• **Data to process**
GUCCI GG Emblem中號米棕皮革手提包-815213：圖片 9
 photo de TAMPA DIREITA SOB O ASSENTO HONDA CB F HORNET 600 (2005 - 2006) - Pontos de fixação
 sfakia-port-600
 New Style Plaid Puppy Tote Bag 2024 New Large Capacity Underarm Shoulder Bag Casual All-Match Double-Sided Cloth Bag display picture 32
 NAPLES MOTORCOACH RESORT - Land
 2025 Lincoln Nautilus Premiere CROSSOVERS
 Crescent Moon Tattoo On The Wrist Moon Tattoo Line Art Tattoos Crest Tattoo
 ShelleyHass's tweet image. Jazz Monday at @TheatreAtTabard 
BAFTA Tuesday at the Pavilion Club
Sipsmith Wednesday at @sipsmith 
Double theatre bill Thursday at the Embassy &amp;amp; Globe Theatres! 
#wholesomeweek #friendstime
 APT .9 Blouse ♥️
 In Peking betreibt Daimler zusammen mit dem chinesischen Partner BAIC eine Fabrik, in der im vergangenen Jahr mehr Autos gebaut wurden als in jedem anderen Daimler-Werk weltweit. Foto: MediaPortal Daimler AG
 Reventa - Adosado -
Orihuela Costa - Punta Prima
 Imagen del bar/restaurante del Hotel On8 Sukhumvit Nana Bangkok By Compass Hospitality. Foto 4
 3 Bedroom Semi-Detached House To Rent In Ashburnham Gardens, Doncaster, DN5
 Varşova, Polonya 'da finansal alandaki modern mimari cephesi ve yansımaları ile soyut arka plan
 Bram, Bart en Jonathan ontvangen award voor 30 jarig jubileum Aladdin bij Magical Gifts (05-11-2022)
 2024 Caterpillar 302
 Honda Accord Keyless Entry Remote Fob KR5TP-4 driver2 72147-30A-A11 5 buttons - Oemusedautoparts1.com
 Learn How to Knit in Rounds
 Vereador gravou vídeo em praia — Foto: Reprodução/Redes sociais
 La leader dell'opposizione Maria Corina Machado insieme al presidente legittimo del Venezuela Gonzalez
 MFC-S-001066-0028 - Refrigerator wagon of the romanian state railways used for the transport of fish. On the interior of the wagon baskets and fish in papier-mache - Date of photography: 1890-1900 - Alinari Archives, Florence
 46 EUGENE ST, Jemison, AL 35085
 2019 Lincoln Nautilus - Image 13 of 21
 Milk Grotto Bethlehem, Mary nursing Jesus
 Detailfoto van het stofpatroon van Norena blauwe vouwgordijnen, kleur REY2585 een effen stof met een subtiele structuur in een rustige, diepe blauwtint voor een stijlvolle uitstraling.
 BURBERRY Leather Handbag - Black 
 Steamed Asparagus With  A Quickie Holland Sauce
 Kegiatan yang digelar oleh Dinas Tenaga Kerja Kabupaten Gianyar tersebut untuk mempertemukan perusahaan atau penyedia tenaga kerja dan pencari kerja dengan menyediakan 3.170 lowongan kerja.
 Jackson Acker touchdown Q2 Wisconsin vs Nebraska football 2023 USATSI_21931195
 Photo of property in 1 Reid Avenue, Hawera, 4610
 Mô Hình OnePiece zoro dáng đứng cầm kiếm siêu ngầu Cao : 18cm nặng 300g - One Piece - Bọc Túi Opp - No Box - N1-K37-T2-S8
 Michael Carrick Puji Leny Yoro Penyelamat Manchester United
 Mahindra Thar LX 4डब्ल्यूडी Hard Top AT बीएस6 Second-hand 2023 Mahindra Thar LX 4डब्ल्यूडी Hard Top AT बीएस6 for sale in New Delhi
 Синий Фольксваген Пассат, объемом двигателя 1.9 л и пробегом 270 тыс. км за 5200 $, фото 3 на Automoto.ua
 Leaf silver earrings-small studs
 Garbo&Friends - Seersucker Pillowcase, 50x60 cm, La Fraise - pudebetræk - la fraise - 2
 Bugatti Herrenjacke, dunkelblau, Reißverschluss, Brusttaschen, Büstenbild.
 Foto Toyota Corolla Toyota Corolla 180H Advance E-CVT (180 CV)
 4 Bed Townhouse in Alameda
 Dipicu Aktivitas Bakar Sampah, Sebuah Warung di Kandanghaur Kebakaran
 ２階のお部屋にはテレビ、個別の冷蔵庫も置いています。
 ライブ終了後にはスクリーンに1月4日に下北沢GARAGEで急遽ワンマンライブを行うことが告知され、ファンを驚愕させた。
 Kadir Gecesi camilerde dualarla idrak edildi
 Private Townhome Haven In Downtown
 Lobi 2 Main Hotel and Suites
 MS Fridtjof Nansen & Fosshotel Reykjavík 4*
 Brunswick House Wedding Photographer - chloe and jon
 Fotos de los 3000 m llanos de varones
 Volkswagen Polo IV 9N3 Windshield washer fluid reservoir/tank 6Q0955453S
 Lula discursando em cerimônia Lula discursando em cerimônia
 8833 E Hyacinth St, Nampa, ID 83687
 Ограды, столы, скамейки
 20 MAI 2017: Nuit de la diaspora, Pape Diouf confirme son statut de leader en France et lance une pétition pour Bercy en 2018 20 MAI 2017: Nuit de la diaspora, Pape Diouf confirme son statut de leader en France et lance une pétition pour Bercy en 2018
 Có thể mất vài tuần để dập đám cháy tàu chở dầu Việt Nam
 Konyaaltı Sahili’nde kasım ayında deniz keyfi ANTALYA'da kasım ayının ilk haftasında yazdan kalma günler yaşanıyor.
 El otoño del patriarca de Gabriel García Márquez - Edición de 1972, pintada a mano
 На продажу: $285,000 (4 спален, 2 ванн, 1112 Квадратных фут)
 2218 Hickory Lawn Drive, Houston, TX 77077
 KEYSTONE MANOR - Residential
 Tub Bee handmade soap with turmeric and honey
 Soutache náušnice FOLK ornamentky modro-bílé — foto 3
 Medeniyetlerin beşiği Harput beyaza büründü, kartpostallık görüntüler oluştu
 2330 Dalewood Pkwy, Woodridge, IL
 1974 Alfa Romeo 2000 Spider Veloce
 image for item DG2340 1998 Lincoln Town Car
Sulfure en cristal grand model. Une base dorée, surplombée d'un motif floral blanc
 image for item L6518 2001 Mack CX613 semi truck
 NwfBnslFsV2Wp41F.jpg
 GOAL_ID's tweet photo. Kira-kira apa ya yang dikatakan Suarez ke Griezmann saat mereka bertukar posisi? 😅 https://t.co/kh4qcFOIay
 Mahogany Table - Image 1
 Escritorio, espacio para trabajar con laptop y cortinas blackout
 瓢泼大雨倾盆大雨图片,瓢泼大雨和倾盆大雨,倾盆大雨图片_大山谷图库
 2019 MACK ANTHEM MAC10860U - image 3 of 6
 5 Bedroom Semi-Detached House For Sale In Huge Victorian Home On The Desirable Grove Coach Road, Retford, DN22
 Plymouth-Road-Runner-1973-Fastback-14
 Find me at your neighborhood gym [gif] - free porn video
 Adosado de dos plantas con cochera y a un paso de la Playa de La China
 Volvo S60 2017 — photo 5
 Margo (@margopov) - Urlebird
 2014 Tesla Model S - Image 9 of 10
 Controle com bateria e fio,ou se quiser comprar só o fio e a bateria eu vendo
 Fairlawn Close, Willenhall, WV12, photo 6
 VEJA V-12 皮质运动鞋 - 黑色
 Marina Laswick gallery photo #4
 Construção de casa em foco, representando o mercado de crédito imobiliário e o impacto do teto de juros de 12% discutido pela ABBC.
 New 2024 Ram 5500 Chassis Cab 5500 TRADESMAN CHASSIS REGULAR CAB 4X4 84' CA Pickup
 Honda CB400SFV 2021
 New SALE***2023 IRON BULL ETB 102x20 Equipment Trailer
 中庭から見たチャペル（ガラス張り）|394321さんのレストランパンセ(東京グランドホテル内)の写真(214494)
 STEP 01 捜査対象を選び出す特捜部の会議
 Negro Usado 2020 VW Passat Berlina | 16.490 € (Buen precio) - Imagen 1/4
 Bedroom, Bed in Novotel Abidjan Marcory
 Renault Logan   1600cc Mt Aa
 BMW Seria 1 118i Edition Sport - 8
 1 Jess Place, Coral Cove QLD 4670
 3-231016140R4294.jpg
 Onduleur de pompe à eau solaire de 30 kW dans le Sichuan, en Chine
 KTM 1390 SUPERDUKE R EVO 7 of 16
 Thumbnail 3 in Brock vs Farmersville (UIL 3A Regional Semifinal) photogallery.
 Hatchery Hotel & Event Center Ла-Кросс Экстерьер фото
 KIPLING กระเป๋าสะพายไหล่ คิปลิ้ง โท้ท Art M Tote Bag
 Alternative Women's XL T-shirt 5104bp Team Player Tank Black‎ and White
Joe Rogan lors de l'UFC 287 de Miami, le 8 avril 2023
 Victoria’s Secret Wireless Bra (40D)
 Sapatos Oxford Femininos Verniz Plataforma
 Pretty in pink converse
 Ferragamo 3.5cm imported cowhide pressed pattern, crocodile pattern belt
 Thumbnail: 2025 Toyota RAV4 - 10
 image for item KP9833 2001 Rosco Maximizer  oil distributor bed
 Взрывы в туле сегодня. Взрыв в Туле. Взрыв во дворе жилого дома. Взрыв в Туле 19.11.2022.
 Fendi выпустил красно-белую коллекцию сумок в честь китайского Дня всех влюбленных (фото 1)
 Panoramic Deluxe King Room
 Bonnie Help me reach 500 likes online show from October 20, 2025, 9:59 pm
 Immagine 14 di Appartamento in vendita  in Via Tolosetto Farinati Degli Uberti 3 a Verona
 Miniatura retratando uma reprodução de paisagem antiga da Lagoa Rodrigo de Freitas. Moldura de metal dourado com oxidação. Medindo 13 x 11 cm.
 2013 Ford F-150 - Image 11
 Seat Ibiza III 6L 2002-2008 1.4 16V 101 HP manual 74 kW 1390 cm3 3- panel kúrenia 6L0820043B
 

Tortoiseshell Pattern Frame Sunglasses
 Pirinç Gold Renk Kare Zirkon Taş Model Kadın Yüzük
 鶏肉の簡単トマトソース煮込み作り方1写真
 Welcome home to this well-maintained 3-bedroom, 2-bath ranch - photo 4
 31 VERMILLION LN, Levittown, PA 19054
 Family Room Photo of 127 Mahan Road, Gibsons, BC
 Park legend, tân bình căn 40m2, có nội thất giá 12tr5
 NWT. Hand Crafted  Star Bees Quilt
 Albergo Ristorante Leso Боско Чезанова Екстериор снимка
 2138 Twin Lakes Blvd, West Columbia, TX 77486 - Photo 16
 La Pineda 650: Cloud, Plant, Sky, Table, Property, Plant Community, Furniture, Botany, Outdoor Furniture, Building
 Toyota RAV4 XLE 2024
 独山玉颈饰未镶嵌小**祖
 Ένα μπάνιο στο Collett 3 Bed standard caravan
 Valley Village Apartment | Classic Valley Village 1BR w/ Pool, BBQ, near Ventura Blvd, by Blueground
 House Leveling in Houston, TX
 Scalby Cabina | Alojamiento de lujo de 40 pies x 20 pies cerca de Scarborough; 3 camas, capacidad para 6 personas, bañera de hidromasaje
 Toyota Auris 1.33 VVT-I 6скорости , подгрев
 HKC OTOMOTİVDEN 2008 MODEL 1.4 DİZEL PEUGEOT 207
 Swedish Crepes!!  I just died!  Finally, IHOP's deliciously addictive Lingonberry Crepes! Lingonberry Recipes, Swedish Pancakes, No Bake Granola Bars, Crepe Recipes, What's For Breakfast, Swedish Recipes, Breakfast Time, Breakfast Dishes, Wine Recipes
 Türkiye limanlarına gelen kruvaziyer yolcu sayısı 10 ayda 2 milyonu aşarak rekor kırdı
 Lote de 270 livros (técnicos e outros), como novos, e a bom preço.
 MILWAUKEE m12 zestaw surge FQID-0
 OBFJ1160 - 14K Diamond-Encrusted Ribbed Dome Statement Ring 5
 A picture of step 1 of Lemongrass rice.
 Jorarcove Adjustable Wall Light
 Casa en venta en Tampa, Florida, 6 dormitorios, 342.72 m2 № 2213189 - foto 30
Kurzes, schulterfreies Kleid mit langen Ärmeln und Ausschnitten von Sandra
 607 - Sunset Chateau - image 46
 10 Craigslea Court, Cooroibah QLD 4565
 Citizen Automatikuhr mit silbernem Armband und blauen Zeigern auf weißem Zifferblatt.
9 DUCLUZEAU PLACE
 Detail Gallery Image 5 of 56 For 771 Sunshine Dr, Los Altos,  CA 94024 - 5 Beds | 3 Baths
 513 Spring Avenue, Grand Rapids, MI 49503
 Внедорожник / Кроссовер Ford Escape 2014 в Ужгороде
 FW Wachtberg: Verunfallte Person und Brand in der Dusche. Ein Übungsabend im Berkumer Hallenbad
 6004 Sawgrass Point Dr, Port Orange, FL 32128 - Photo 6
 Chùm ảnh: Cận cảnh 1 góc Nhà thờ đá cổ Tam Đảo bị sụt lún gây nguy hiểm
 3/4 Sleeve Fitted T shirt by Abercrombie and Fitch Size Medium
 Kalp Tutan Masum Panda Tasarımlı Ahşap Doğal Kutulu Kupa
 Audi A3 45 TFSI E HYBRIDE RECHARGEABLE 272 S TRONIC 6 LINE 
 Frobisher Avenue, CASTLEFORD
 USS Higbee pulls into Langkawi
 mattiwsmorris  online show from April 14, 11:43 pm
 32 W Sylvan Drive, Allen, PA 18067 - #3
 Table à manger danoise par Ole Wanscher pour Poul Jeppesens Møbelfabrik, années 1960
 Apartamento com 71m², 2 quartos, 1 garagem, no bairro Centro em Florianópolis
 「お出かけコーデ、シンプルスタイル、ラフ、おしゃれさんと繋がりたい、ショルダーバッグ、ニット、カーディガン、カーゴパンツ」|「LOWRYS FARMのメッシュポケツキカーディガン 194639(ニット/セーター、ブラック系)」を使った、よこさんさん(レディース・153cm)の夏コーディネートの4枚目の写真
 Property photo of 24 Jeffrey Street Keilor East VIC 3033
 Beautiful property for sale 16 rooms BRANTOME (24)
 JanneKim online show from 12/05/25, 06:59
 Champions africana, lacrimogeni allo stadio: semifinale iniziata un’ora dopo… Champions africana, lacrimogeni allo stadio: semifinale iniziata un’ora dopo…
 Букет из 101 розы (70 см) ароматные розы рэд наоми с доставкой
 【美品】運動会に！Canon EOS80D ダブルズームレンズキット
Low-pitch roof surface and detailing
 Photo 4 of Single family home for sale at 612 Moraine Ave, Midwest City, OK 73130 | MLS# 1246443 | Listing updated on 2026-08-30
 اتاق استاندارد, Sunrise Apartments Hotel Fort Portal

• **What you will do**
Scan the entries above for the word "picture", then copy every line in which it occurs.

• **Solved problem**
 New Style Plaid Puppy Tote Bag 2024 New Large Capacity Underarm Shoulder Bag Casual All-Match Double-Sided Cloth Bag display picture 32
 A picture of step 1 of Lemongrass rice.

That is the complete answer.